Alejados de los preceptivos de una industria mayoritariamente entregada a satisfacer las necesidades de ocio y espectáculo de su público, desmarcándose de modas, tendencias y devociones homogeneizadas, aún existe por fortuna un cine de resistencia, capaz de aguantar estoicamente y con un valor admirable las embestidas que recibe de todas partes. Productores, festivales, distribuidoras, exhibidoras, canales de televisión y finalmente el propio público tienden a alejarse de él como de la peste, aprensivos, los unos, al riesgo elevado de pérdidas monetarias y los otros al desafío de tener que lidiar con una aventura imprevisible que podría terminar, maldita sea, no siendo de su gusto.
“Un trabajo y una película”, el debut cinematográfico del tarrasense Xavier Martínez Soler, con una trayectoria consolidada como dramaturgo y director teatral, se enmarca plenamente dentro de este universo ensayista y conceptual, adoptando la forma de un drama experimental metalingüístico y filosófico, no ajeno a la poética, con trazas de comedia, noir, thriller, romanticismo, fantástico y terror. Basándose en el monólogo “Un trabajo”, estrenado en 2014 en la sala barcelonesa Àtic 22 del Teatro Tantarantana y escrito por su propio protagonista, Pablo Rosal, su adaptación cinematográfica elabora esencialmente un discurso analítico alrededor de la ficción que se acaba retroalimentando de la misma ficción sobre la que incide, en un alucinante juego de espejos que establece un intrigante diálogo entre el proceso creativo y el propio resultado de dicho proceso.
El relato se centra en el solitario vigilante de una nave industrial abandonada que toma consciencia de formar parte de la película que lo está observando. Cuando decide apoderarse de su control y explorar él mismo el valor de la imagen, se ve arrastrado hacia una peligrosa vorágine de consecuencias imprevisibles. Cada etapa de su viaje podría equipararse a la introducción de un nuevo elemento dentro del lenguaje audiovisual, una revisión reflexiva alrededor del origen y de la evolución del cine, vinculado a sus aportaciones sociales, artísticas e intelectuales hasta vislumbrar su decadencia a causa de la utilización masiva de una imagen progresivamente banalizada y devaluada.

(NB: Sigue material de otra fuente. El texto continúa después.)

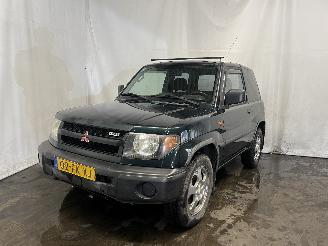 škoda osobní automobily Mitsubishi Pajero Pajero Pinin (H6/H7) Terreinwagen 1.8 GDI 16V (4G93(GDI)) [88kW]  (10-=
1999/10-2001) 2000/4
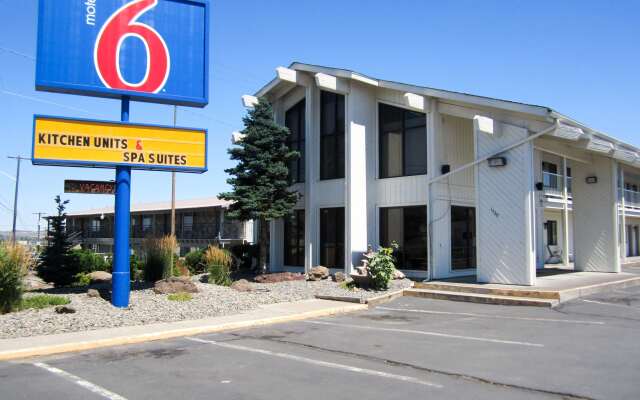 Motel 6 Madras, OR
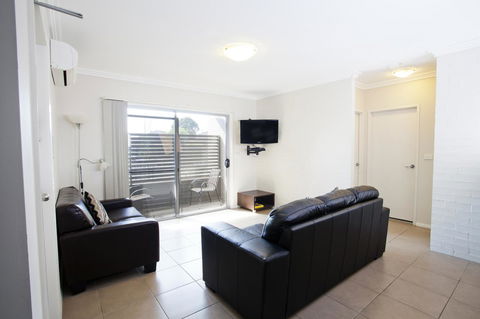Bluegum Apartments Newcastle - Australian Directory 6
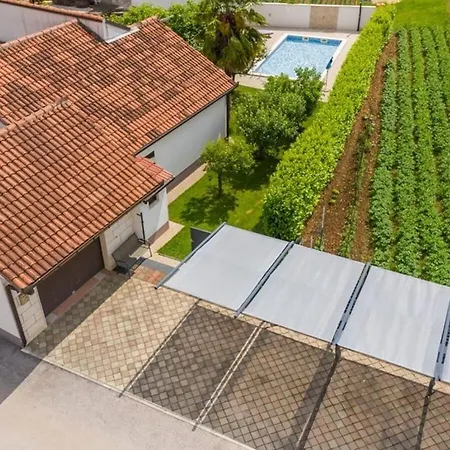 With 2 Bedrooms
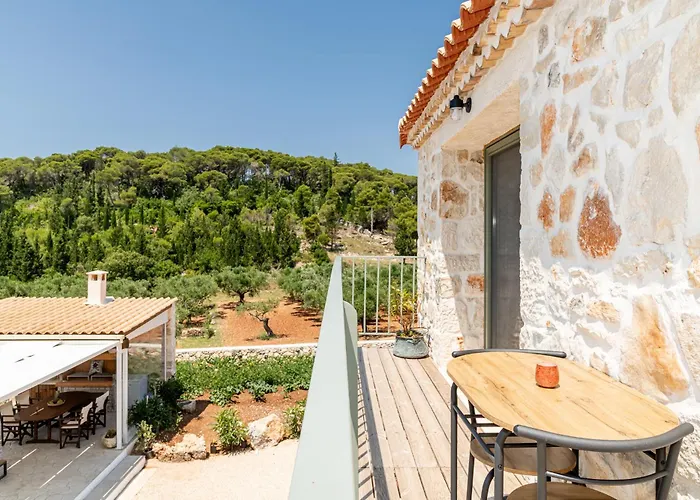 Villa Misovounous Natural Park By 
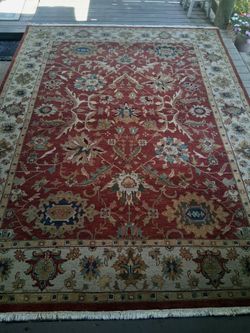 Nourison "Soumak" or "Nourmak"Rug. 9' × 12'  hand-woven wool rug.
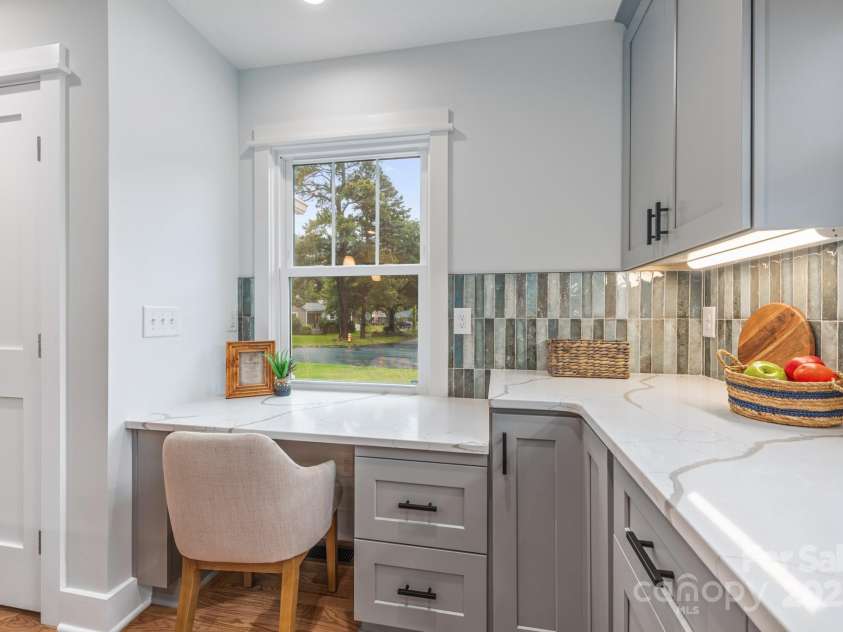 2421 Morton Street, Charlotte, NC 28208.  MLS# CAR4268097, YatesRealty ID 18648.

La mayor parte de la acción tiene lugar en esa nave industrial abandonada, solitaria y semiderruida, de reminiscencias postapocalípticas, el vestigio de un mundo en ruinas fruto de una historia misteriosa y ancestral. Aliándose con una fotografía densa y atractiva, llena de claroscuros, el filme saca un fabuloso partido estético de las entradas de luz, el polvo en suspensión y la riqueza plástica aportada por las texturas de los materiales y de los objetos deteriorados por el abandono y el paso del tiempo. El diseño de sonido es clave en su rol potenciador de la atmósfera fantasmagórica e irreal que vincula todo el conjunto con el género fantástico. Su periplo a través de distintos géneros le sirve para elaborar una disertación teórica, tanto implícita como explícita, acerca de la alteración que el espectador provoca en la obra a través de la aportación de su propia mirada, única e intransferible, resultado de la suma de sus experiencias vitales. Una de sus tesis consiste en defender que el acto creativo surge de esta colisión de miradas en un calidoscopio de reminiscencias cuánticas: la obra no se concreta hasta que es observada por el espectador, y por el simple hecho de ser observada, su misma esencia resulta alterada, entrelazándose de forma única e irrepetible con la individualidad de cada uno. Es la gran potencia del cine y del arte en general.
En consecuencia, la película ofrece un reto al espectador, que debe establecer una estrecha alianza con la propuesta y aceptar su rol como parte indisociablemente implicada en ella, ya que debe convertirse, necesariamente y más que nunca, en una pieza clave dentro de su engranaje, decisiva para que el relato pueda alcanzar sus propósitos interpelativos.
“Un trabajo y una película” es un ejemplo de ese tipo de cine que apuesta por las ideas por encima del argumento y que se adentra sin complejos en los terrenos del ensayo, envenenando los mecanismos narrativos convencionales. Todo este conjunto de entelequias lo acercan a las obras más discursivas de Godard, pero justo cuando la pretenciosidad y la pedantería amenazan de apoderarse de la propuesta, tiene lugar una nueva rotura y el humor hace acto de presencia. Es una comicidad que se desprende del propio proceso creativo de la película, plenamente ubicada dentro de su condición metalingüística. En definitiva, ofrece una contundente exhibición retórica, substancialmente apasionante y provocativa, que obliga a replantearse los cimientos narrativos de la imagen en sí misma y del cine en su conjunto. Una refrescante propuesta a la contra de los cánones, valiente, juguetona, intelectualmente estimulante y comercialmente suicida.